--- Records for this task ---
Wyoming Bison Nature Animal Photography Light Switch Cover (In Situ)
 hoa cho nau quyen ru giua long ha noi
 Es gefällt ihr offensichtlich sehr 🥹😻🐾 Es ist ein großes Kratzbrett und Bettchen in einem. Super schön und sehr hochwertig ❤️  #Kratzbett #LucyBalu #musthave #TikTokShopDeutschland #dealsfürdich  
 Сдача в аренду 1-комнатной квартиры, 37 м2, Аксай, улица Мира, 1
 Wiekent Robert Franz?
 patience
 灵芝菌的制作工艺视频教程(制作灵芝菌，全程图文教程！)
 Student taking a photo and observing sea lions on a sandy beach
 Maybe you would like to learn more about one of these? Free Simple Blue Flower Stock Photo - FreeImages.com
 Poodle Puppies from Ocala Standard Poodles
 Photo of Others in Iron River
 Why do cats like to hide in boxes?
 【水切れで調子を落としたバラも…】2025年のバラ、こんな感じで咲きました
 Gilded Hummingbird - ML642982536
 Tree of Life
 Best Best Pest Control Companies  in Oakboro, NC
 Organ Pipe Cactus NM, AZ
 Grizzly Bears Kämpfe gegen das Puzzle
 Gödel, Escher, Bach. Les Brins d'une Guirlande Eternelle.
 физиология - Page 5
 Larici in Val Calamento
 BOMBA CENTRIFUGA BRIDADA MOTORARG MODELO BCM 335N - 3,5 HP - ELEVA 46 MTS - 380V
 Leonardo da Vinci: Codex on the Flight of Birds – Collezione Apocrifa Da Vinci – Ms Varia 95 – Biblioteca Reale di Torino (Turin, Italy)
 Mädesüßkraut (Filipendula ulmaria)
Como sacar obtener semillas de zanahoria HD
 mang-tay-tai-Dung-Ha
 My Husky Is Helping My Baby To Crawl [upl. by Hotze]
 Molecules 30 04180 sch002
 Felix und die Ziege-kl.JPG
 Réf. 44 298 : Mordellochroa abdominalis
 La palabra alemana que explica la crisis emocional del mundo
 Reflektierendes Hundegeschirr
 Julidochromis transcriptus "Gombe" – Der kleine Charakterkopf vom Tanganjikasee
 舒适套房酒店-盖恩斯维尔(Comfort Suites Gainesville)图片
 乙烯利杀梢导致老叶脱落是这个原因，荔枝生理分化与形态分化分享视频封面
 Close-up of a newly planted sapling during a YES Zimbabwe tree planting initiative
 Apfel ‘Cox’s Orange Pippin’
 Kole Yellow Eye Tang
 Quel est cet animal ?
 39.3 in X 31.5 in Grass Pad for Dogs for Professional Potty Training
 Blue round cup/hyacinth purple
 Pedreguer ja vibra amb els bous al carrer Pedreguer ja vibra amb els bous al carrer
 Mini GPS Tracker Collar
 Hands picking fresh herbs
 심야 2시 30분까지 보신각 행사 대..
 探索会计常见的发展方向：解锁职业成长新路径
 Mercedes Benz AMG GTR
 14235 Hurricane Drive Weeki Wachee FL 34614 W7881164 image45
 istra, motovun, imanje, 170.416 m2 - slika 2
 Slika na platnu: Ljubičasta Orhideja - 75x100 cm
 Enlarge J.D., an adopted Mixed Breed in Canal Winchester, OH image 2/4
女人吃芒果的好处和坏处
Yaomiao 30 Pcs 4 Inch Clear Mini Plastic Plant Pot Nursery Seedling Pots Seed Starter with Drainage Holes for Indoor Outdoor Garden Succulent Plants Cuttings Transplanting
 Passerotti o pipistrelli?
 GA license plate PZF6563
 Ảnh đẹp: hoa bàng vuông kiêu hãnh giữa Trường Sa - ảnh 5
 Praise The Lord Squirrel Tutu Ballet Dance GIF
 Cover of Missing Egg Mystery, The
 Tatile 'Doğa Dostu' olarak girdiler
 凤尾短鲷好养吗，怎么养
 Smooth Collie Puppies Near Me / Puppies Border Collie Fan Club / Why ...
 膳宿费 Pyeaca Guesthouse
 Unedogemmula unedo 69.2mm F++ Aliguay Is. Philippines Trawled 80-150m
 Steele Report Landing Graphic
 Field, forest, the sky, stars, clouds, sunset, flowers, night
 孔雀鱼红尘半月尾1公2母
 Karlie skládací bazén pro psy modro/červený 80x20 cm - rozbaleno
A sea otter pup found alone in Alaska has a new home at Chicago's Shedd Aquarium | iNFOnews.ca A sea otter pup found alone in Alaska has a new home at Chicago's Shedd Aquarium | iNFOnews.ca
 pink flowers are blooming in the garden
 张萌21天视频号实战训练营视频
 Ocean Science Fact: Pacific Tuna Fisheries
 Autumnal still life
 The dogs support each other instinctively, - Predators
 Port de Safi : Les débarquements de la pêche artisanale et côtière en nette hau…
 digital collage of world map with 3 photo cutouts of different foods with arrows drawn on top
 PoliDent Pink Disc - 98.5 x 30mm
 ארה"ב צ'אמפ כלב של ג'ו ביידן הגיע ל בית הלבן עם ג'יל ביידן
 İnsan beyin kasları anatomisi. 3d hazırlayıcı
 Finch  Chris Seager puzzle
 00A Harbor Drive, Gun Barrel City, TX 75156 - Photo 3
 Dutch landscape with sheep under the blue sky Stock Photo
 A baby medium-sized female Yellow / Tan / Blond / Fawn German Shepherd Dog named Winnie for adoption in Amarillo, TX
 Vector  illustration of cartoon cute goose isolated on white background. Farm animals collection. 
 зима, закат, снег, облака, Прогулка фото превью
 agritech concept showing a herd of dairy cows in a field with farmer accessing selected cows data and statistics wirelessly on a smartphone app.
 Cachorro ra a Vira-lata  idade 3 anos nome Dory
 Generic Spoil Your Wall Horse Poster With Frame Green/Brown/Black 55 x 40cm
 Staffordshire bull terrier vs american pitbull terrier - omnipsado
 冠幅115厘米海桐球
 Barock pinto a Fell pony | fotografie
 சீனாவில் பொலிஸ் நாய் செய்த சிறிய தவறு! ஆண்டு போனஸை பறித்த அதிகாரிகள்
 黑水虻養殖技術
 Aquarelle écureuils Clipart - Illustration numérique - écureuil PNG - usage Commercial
---
Task item:
Print out the records exactly as they were entered.

Task response:
Wyoming Bison Nature Animal Photography Light Switch Cover (In Situ)
 hoa cho nau quyen ru giua long ha noi
 Es gefällt ihr offensichtlich sehr 🥹😻🐾 Es ist ein großes Kratzbrett und Bettchen in einem. Super schön und sehr hochwertig ❤️  #Kratzbett #LucyBalu #musthave #TikTokShopDeutschland #dealsfürdich  
 Сдача в аренду 1-комнатной квартиры, 37 м2, Аксай, улица Мира, 1
 Wiekent Robert Franz?
 patience
 灵芝菌的制作工艺视频教程(制作灵芝菌，全程图文教程！)
 Student taking a photo and observing sea lions on a sandy beach
 Maybe you would like to learn more about one of these? Free Simple Blue Flower Stock Photo - FreeImages.com
 Poodle Puppies from Ocala Standard Poodles
 Photo of Others in Iron River
 Why do cats like to hide in boxes?
 【水切れで調子を落としたバラも…】2025年のバラ、こんな感じで咲きました
 Gilded Hummingbird - ML642982536
 Tree of Life
 Best Best Pest Control Companies  in Oakboro, NC
 Organ Pipe Cactus NM, AZ
 Grizzly Bears Kämpfe gegen das Puzzle
 Gödel, Escher, Bach. Les Brins d'une Guirlande Eternelle.
 физиология - Page 5
 Larici in Val Calamento
 BOMBA CENTRIFUGA BRIDADA MOTORARG MODELO BCM 335N - 3,5 HP - ELEVA 46 MTS - 380V
 Leonardo da Vinci: Codex on the Flight of Birds – Collezione Apocrifa Da Vinci – Ms Varia 95 – Biblioteca Reale di Torino (Turin, Italy)
 Mädesüßkraut (Filipendula ulmaria)
Como sacar obtener semillas de zanahoria HD
 mang-tay-tai-Dung-Ha
 My Husky Is Helping My Baby To Crawl [upl. by Hotze]
 Molecules 30 04180 sch002
 Felix und die Ziege-kl.JPG
 Réf. 44 298 : Mordellochroa abdominalis
 La palabra alemana que explica la crisis emocional del mundo
 Reflektierendes Hundegeschirr
 Julidochromis transcriptus "Gombe" – Der kleine Charakterkopf vom Tanganjikasee
 舒适套房酒店-盖恩斯维尔(Comfort Suites Gainesville)图片
 乙烯利杀梢导致老叶脱落是这个原因，荔枝生理分化与形态分化分享视频封面
 Close-up of a newly planted sapling during a YES Zimbabwe tree planting initiative
 Apfel ‘Cox’s Orange Pippin’
 Kole Yellow Eye Tang
 Quel est cet animal ?
 39.3 in X 31.5 in Grass Pad for Dogs for Professional Potty Training
 Blue round cup/hyacinth purple
 Pedreguer ja vibra amb els bous al carrer Pedreguer ja vibra amb els bous al carrer
 Mini GPS Tracker Collar
 Hands picking fresh herbs
 심야 2시 30분까지 보신각 행사 대..
 探索会计常见的发展方向：解锁职业成长新路径
 Mercedes Benz AMG GTR
 14235 Hurricane Drive Weeki Wachee FL 34614 W7881164 image45
 istra, motovun, imanje, 170.416 m2 - slika 2
 Slika na platnu: Ljubičasta Orhideja - 75x100 cm
 Enlarge J.D., an adopted Mixed Breed in Canal Winchester, OH image 2/4
女人吃芒果的好处和坏处
Yaomiao 30 Pcs 4 Inch Clear Mini Plastic Plant Pot Nursery Seedling Pots Seed Starter with Drainage Holes for Indoor Outdoor Garden Succulent Plants Cuttings Transplanting
 Passerotti o pipistrelli?
 GA license plate PZF6563
 Ảnh đẹp: hoa bàng vuông kiêu hãnh giữa Trường Sa - ảnh 5
 Praise The Lord Squirrel Tutu Ballet Dance GIF
 Cover of Missing Egg Mystery, The
 Tatile 'Doğa Dostu' olarak girdiler
 凤尾短鲷好养吗，怎么养
 Smooth Collie Puppies Near Me / Puppies Border Collie Fan Club / Why ...
 膳宿费 Pyeaca Guesthouse
 Unedogemmula unedo 69.2mm F++ Aliguay Is. Philippines Trawled 80-150m
 Steele Report Landing Graphic
 Field, forest, the sky, stars, clouds, sunset, flowers, night
 孔雀鱼红尘半月尾1公2母
 Karlie skládací bazén pro psy modro/červený 80x20 cm - rozbaleno
A sea otter pup found alone in Alaska has a new home at Chicago's Shedd Aquarium | iNFOnews.ca A sea otter pup found alone in Alaska has a new home at Chicago's Shedd Aquarium | iNFOnews.ca
 pink flowers are blooming in the garden
 张萌21天视频号实战训练营视频
 Ocean Science Fact: Pacific Tuna Fisheries
 Autumnal still life
 The dogs support each other instinctively, - Predators
 Port de Safi : Les débarquements de la pêche artisanale et côtière en nette hau…
 digital collage of world map with 3 photo cutouts of different foods with arrows drawn on top
 PoliDent Pink Disc - 98.5 x 30mm
 ארה"ב צ'אמפ כלב של ג'ו ביידן הגיע ל בית הלבן עם ג'יל ביידן
 İnsan beyin kasları anatomisi. 3d hazırlayıcı
 Finch  Chris Seager puzzle
 00A Harbor Drive, Gun Barrel City, TX 75156 - Photo 3
 Dutch landscape with sheep under the blue sky Stock Photo
 A baby medium-sized female Yellow / Tan / Blond / Fawn German Shepherd Dog named Winnie for adoption in Amarillo, TX
 Vector  illustration of cartoon cute goose isolated on white background. Farm animals collection. 
 зима, закат, снег, облака, Прогулка фото превью
 agritech concept showing a herd of dairy cows in a field with farmer accessing selected cows data and statistics wirelessly on a smartphone app.
 Cachorro ra a Vira-lata  idade 3 anos nome Dory
 Generic Spoil Your Wall Horse Poster With Frame Green/Brown/Black 55 x 40cm
 Staffordshire bull terrier vs american pitbull terrier - omnipsado
 冠幅115厘米海桐球
 Barock pinto a Fell pony | fotografie
 சீனாவில் பொலிஸ் நாய் செய்த சிறிய தவறு! ஆண்டு போனஸை பறித்த அதிகாரிகள்
 黑水虻養殖技術
 Aquarelle écureuils Clipart - Illustration numérique - écureuil PNG - usage Commercial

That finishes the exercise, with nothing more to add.